I was a clean canvas. I could wake up whenever I wished and allow my instincts and impulses to lead me through the day. I could sit and watch the man who paints devil’s ears in all of his paintings for hours, or take photographs of the street performers who all seem to know something the rest of us don’t. I could get lost in the curvy backstreets looking for the oldest pub in the city where they claim to have invented beer, or watch a Czech movie and somehow understand it.
I had only myself to answer for; I had nowhere to be, no one to meet, and no plan.
Depending on my mood, that was either liberating or terrifying.
On the days that it was the later, I developed a few mantras;
Get up and get dressed. Take one step at a time, girl. Begin a new journey each day. Email friends when a little lonely. Write. Breathe.
In the six weeks of my magical ride, I visited every place that called out to me, walked through the Prague Castle with its Golden Lane where I could swear I saw Kafka, and climbed Petrin Hill enjoying its magnificent panoramic view of Prague. I glided through the Royal Gardens pretending to be a princess, and marveled at the amazingly intricate Astrological Clock in Old Town built in 1410, gasping after hearing stories that the artist, Hanus, was blinded soon after he completed his masterpiece so he could not create anything so beautiful again.
I spent many afternoons writing in the park near my flat, making friends at the numerous charming cafes all over town, discovering the museum of my new favorite painter, Mucha, and I even decided to pierce my belly, (though thankfully my body rejected it and literally pushed it out a few weeks after I arrived back home.)
I survived my first trip to the market, though I will admit that I did run home right after praying that the kure I bought was not rabbit, and was thrilled to find in my English to Czech dictionary, that it was in fact chicken.
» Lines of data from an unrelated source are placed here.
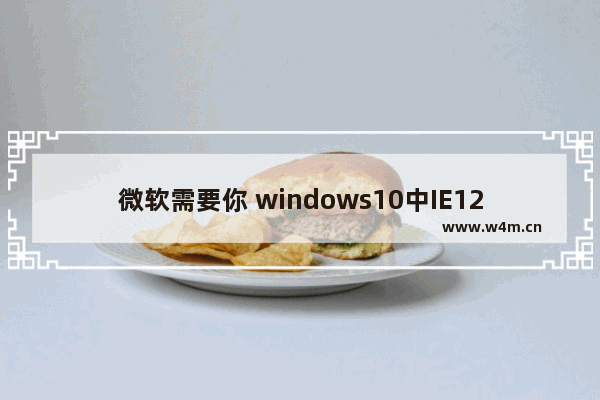 微软需要你 windows10中IE12开发者工具反馈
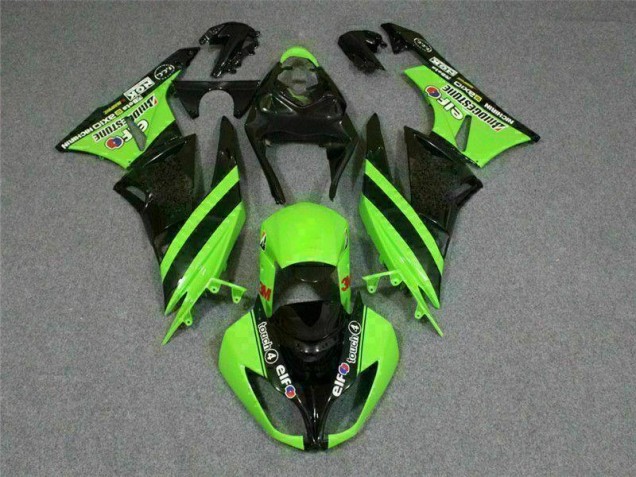 Preisgünstige Kawasaki ZX6R 09-12 Verkleidungen - Schwarz Grün 3M Touch4 Preisgünstige Kawasaki ZX6R 09-12 Verkleidungen - Schwarz Grün 3M Touch4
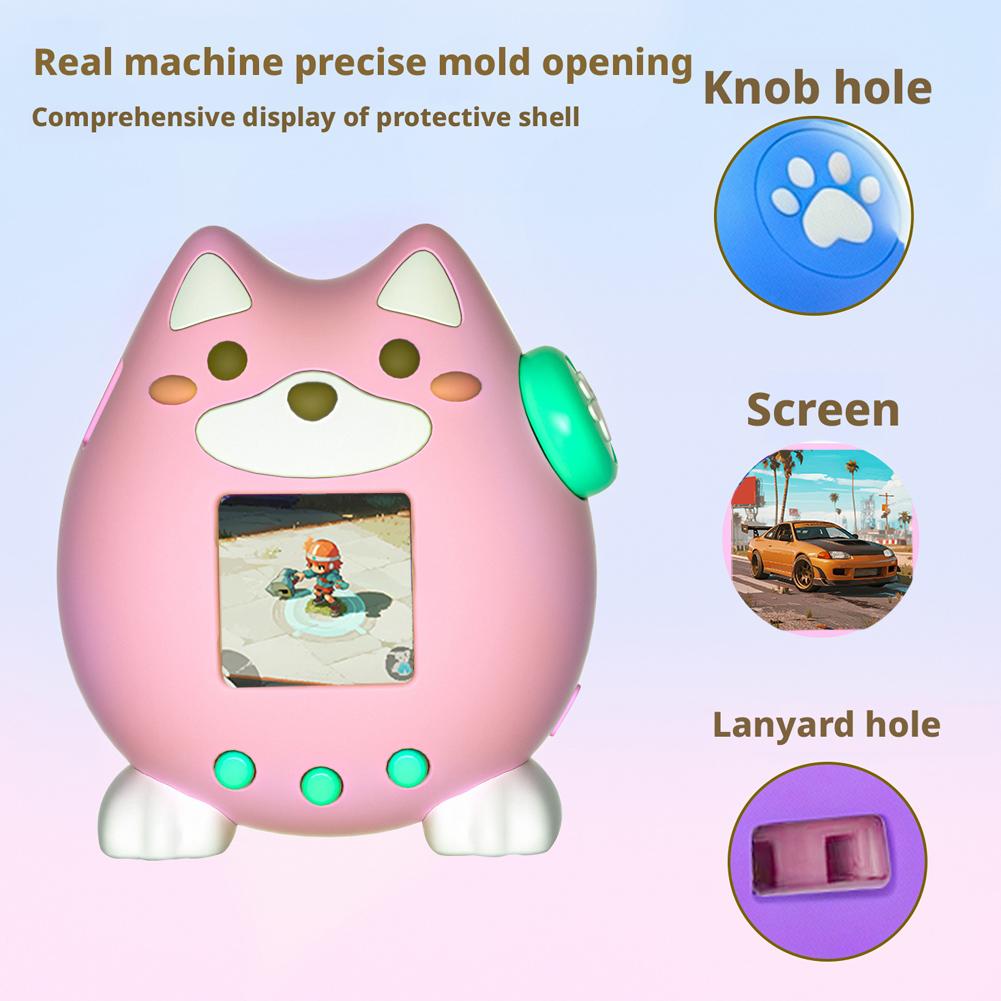 Silicone Protective Cover With Knob Cap Anti-Scratch Game Console Case Protector Cartoon Soft Shell For Tamagotchi Paradise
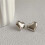 (Silver) Vintage Silver Heart Stud Earrings - Christmas Gift 6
I was lucky enough to meet up with one of my girlfriends who was traveling that summer, and meet an ex-pat who is the brainchild and author of a great guidebook series, and I have to admit that as the owner of the restaurant we dined at fawned all over us, (even if it was for a good review) I thought to myself, this guy is brilliant, what a great gig.
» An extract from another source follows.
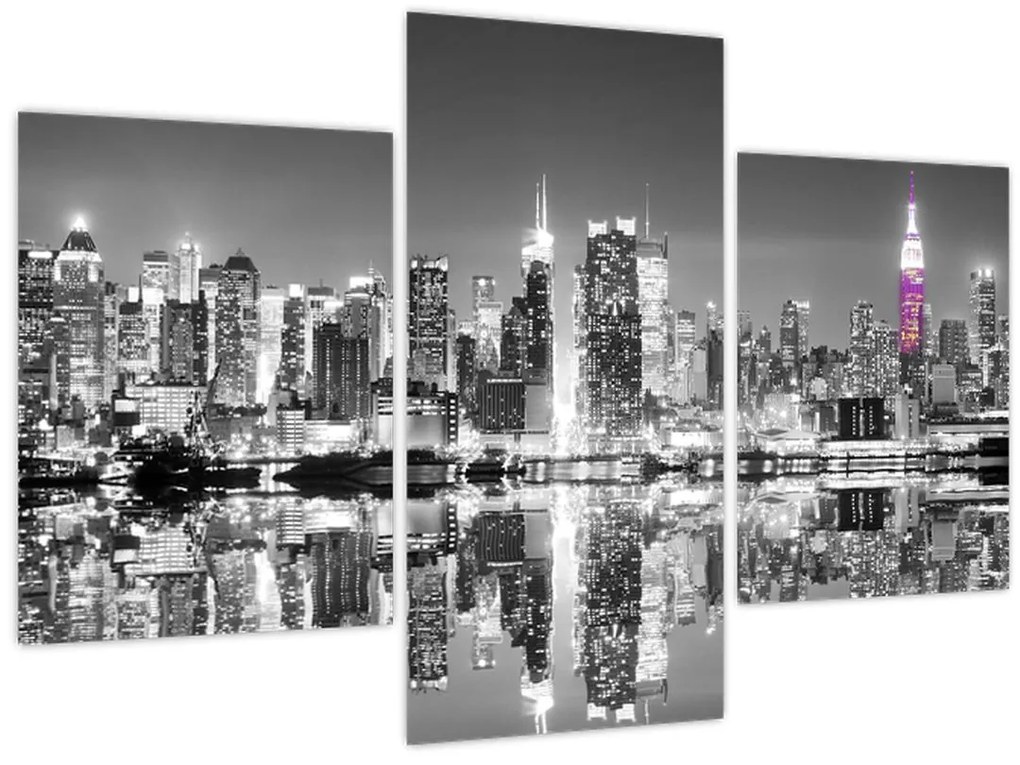 Tablou - New York și zgârie-norii mov (90x60 cm)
If Vaclav Havel, who was President at that time, had come to his esteemed position after serving four years in prison for his writings on human rights, anything was possible for anyone, any time.
That summer changed me, even though I did not realize just how much until recently.
Without the experience, I know that I would not have followed the varied paths that had allowed me to see the world differently. I would have stayed the person I and others thought me to be, and not adapted into who I wanted to become instead. I would have lived my life with fears that I was not even aware that I had, and continued to unintentionally lie to myself about why I was refusing to walk down certain paths.
I was blessed to observe the good, the bad and the ugly that I carried inside, and how that affected my every day choices. I looked at every situation as a learning experience with a lesson and reason that it was presented to me, and questioned what I could learn from each. And because I chose to live that way, I grew up, let things from my past go that had continually held me back, discovered how to live a more authentic life and be more comfortable in my own skin, and sat back to see the magic of living that way. So, for those of you still sitting thinking about a solo trip to that place that has been calling you for years, do it. It challenges all that you believe to be true about yourself, other people and the world around you, and leaves you a better person for simply asking different questions.
And if in the process of planning the trip, the little voice in your head tells you “What are you thinking?” or your insides retort, push through it, you will never regret it.
In fact, now that I think about it, I have to go now to book a trip to Spain. I will figure out how to tell my husband and two-year-old son about it later.
Mama needs a reminder of that magic again.